* _Exercise prompt_:
Exact copies of all the records are to be printed.
:::
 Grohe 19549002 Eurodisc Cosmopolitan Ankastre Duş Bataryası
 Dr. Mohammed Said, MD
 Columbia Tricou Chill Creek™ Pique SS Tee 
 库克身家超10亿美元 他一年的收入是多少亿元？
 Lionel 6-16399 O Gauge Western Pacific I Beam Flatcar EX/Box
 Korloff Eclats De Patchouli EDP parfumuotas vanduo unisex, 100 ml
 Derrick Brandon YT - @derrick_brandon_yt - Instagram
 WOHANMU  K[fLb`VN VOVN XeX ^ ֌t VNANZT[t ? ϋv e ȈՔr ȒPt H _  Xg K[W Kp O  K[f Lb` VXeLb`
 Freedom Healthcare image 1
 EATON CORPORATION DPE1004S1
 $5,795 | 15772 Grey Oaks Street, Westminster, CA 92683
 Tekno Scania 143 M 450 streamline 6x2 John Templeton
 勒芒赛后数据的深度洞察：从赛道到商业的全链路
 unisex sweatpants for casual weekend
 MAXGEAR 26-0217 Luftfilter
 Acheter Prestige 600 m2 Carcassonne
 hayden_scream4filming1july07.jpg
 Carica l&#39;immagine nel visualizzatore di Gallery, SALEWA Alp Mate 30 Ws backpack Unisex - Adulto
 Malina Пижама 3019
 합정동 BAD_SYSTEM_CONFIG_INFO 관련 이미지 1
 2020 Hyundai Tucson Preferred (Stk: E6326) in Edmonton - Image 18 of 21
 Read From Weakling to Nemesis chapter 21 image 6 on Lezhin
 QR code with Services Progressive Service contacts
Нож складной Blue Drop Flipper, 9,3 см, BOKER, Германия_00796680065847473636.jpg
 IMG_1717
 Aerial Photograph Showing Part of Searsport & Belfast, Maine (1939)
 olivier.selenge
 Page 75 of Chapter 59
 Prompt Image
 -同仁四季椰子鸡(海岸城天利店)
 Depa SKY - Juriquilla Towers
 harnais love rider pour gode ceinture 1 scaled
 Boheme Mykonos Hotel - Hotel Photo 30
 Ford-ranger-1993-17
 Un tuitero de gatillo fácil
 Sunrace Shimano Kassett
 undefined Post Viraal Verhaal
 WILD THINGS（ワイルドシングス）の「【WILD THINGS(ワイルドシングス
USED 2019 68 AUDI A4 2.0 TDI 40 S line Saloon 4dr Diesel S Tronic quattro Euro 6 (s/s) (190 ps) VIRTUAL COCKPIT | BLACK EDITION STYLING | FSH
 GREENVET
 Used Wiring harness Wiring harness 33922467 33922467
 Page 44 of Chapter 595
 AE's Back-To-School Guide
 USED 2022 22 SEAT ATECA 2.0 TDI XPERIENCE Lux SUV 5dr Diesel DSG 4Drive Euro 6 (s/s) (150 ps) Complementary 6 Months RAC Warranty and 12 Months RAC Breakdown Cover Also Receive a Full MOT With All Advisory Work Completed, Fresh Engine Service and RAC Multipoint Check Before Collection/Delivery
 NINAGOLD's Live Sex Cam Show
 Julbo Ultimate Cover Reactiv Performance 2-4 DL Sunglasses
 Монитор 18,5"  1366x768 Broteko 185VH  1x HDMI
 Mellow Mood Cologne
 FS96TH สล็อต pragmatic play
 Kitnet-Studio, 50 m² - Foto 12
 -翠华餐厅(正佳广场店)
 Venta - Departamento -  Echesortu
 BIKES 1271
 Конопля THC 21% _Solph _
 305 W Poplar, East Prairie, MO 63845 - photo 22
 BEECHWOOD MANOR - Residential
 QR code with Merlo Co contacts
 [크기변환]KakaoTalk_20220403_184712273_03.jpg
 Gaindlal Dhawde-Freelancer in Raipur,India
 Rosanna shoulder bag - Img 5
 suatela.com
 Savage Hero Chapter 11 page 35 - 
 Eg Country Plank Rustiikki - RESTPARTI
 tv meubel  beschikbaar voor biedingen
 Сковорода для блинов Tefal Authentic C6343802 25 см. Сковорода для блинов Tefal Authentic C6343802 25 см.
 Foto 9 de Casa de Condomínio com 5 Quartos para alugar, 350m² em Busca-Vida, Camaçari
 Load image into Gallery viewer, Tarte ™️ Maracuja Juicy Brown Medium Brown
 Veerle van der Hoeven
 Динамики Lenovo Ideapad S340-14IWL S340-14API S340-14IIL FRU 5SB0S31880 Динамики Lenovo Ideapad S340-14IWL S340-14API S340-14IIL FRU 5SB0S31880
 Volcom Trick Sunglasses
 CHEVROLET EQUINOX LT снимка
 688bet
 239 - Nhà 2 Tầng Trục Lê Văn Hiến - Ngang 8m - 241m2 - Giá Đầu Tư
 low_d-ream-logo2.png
:::
* _Problem solution_:
 Grohe 19549002 Eurodisc Cosmopolitan Ankastre Duş Bataryası
 Dr. Mohammed Said, MD
 Columbia Tricou Chill Creek™ Pique SS Tee 
 库克身家超10亿美元 他一年的收入是多少亿元？
 Lionel 6-16399 O Gauge Western Pacific I Beam Flatcar EX/Box
 Korloff Eclats De Patchouli EDP parfumuotas vanduo unisex, 100 ml
 Derrick Brandon YT - @derrick_brandon_yt - Instagram
 WOHANMU  K[fLb`VN VOVN XeX ^ ֌t VNANZT[t ? ϋv e ȈՔr ȒPt H _  Xg K[W Kp O  K[f Lb` VXeLb`
 Freedom Healthcare image 1
 EATON CORPORATION DPE1004S1
 $5,795 | 15772 Grey Oaks Street, Westminster, CA 92683
 Tekno Scania 143 M 450 streamline 6x2 John Templeton
 勒芒赛后数据的深度洞察：从赛道到商业的全链路
 unisex sweatpants for casual weekend
 MAXGEAR 26-0217 Luftfilter
 Acheter Prestige 600 m2 Carcassonne
 hayden_scream4filming1july07.jpg
 Carica l&#39;immagine nel visualizzatore di Gallery, SALEWA Alp Mate 30 Ws backpack Unisex - Adulto
 Malina Пижама 3019
 합정동 BAD_SYSTEM_CONFIG_INFO 관련 이미지 1
 2020 Hyundai Tucson Preferred (Stk: E6326) in Edmonton - Image 18 of 21
 Read From Weakling to Nemesis chapter 21 image 6 on Lezhin
 QR code with Services Progressive Service contacts
Нож складной Blue Drop Flipper, 9,3 см, BOKER, Германия_00796680065847473636.jpg
 IMG_1717
 Aerial Photograph Showing Part of Searsport & Belfast, Maine (1939)
 olivier.selenge
 Page 75 of Chapter 59
 Prompt Image
 -同仁四季椰子鸡(海岸城天利店)
 Depa SKY - Juriquilla Towers
 harnais love rider pour gode ceinture 1 scaled
 Boheme Mykonos Hotel - Hotel Photo 30
 Ford-ranger-1993-17
 Un tuitero de gatillo fácil
 Sunrace Shimano Kassett
 undefined Post Viraal Verhaal
 WILD THINGS（ワイルドシングス）の「【WILD THINGS(ワイルドシングス
USED 2019 68 AUDI A4 2.0 TDI 40 S line Saloon 4dr Diesel S Tronic quattro Euro 6 (s/s) (190 ps) VIRTUAL COCKPIT | BLACK EDITION STYLING | FSH
 GREENVET
 Used Wiring harness Wiring harness 33922467 33922467
 Page 44 of Chapter 595
 AE's Back-To-School Guide
 USED 2022 22 SEAT ATECA 2.0 TDI XPERIENCE Lux SUV 5dr Diesel DSG 4Drive Euro 6 (s/s) (150 ps) Complementary 6 Months RAC Warranty and 12 Months RAC Breakdown Cover Also Receive a Full MOT With All Advisory Work Completed, Fresh Engine Service and RAC Multipoint Check Before Collection/Delivery
 NINAGOLD's Live Sex Cam Show
 Julbo Ultimate Cover Reactiv Performance 2-4 DL Sunglasses
 Монитор 18,5"  1366x768 Broteko 185VH  1x HDMI
 Mellow Mood Cologne
 FS96TH สล็อต pragmatic play
 Kitnet-Studio, 50 m² - Foto 12
 -翠华餐厅(正佳广场店)
 Venta - Departamento -  Echesortu
 BIKES 1271
 Конопля THC 21% _Solph _
 305 W Poplar, East Prairie, MO 63845 - photo 22
 BEECHWOOD MANOR - Residential
 QR code with Merlo Co contacts
 [크기변환]KakaoTalk_20220403_184712273_03.jpg
 Gaindlal Dhawde-Freelancer in Raipur,India
 Rosanna shoulder bag - Img 5
 suatela.com
 Savage Hero Chapter 11 page 35 - 
 Eg Country Plank Rustiikki - RESTPARTI
 tv meubel  beschikbaar voor biedingen
 Сковорода для блинов Tefal Authentic C6343802 25 см. Сковорода для блинов Tefal Authentic C6343802 25 см.
 Foto 9 de Casa de Condomínio com 5 Quartos para alugar, 350m² em Busca-Vida, Camaçari
 Load image into Gallery viewer, Tarte ™️ Maracuja Juicy Brown Medium Brown
 Veerle van der Hoeven
 Динамики Lenovo Ideapad S340-14IWL S340-14API S340-14IIL FRU 5SB0S31880 Динамики Lenovo Ideapad S340-14IWL S340-14API S340-14IIL FRU 5SB0S31880
 Volcom Trick Sunglasses
 CHEVROLET EQUINOX LT снимка
 688bet
 239 - Nhà 2 Tầng Trục Lê Văn Hiến - Ngang 8m - 241m2 - Giá Đầu Tư
 low_d-ream-logo2.png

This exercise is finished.